Gleichzeitig stehen Medienschaffende vor der Herausforderung, wann man eine Tötung als «Femizid» bezeichnen soll und wann doch besser als «Tötungsdelikt». So ist zumindest von aussen betrachtet das Tatmotiv – geht es wirklich ums Geschlecht? – nicht immer klar fassbar. Das kritisiert auch Kriminologin Markwalder, für die der Begriff «Femizid» Unschärfen hat. So sehr dieser in der Berichterstattung etwas bewirkt habe, stünde für die Forschung stets die Operationalisierung im Fokus: «Es braucht klare Kriterien.» Doch dem Begriff «Femizid» liegt kein strafrechtlich dogmatisches Konzept zugrunde, mit dem man prüfen könnte, ob die entsprechenden Merkmale gegeben sind. Meier von Brava würde die Definition von Femizid nicht unscharf nennen wollen, räumt aber ein, dass «es manchmal schwierig ist, Definitionen auf Einzelfälle herunterzubrechen». Sie sagt: «Wir haben zu wenig Informationen.»
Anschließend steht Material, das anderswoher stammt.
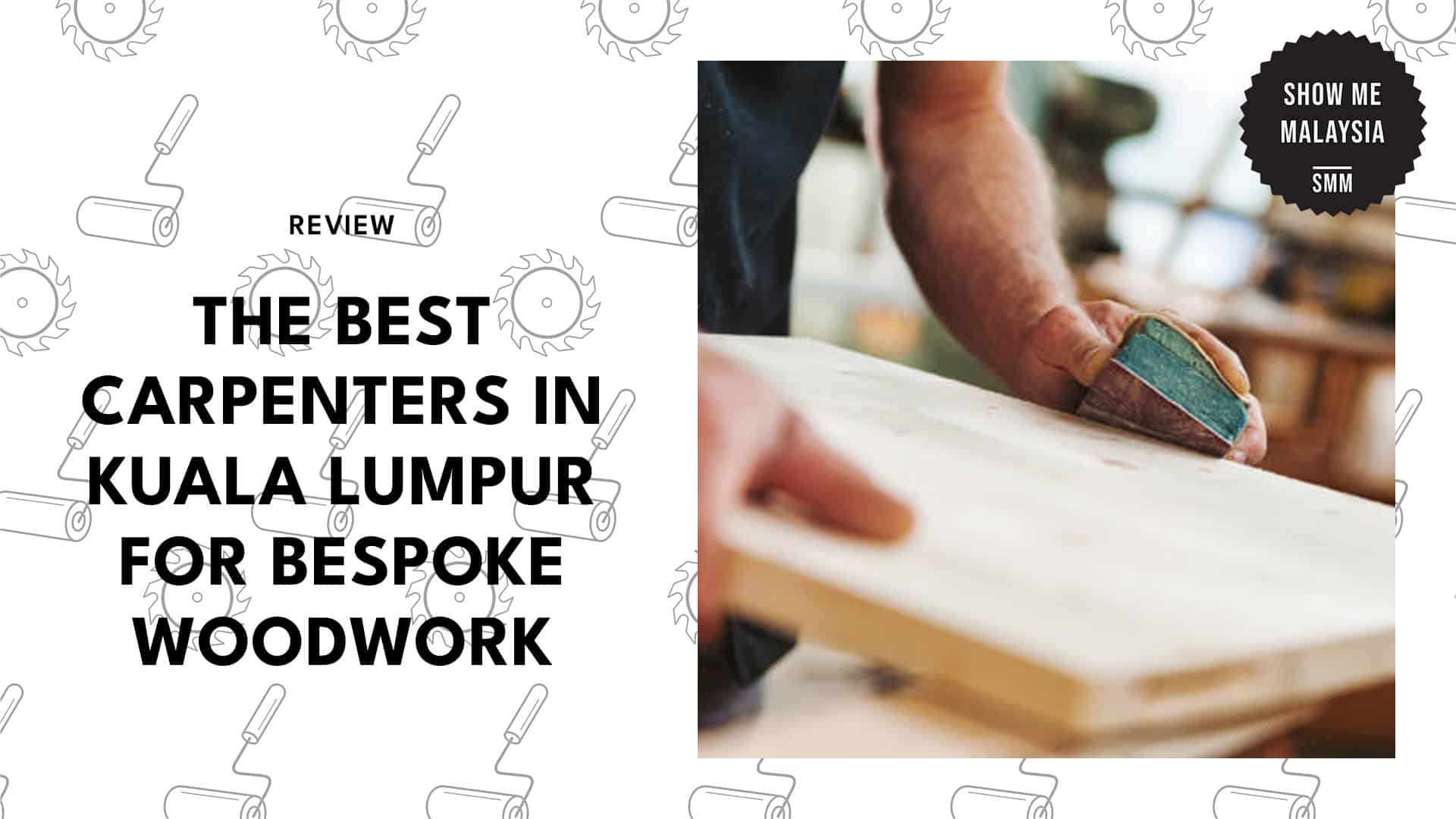 best-carpenters-kuala-lumpur-banner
So ist auch im Binninger Fall noch nicht ganz klar, ob der Mann, bei dem gemäss aktuellem Untersuchungsstand «konkrete Anhaltspunkte für eine psychische Erkrankung» bestehen, überhaupt schuldfähig ist. Würde man im Falle einer Schuldunfähigkeit trotzdem von Femizid sprechen? Kriminologin Markwalder meint, dass in den meisten Fällen die Täter trotz psychischer Beeinträchtigung ohnehin schuldfähig seien. Und Meier von Brava sieht kein Problem, den Begriff «Femizid» zu verwenden, weil die mutmassliche Tötung geschlechterspezifisch war, unabhängig davon, ob die Person krank ist oder nicht. Sie sagt: «Die psychische Verfassung entschuldigt die Struktur dahinter nicht.» Meier plädiert für Sorgfalt in alle Richtungen.
Die Berichterstattung über Femizid bleibt also ein zweischneidiges Schwert. Mehr Berichterstattung ist allein schon aus gesellschaftsaufklärerischer Sicht wichtig, kann aber auch schaden, wenn – im Einzelfall – die Sorgfaltspflicht verletzt wird.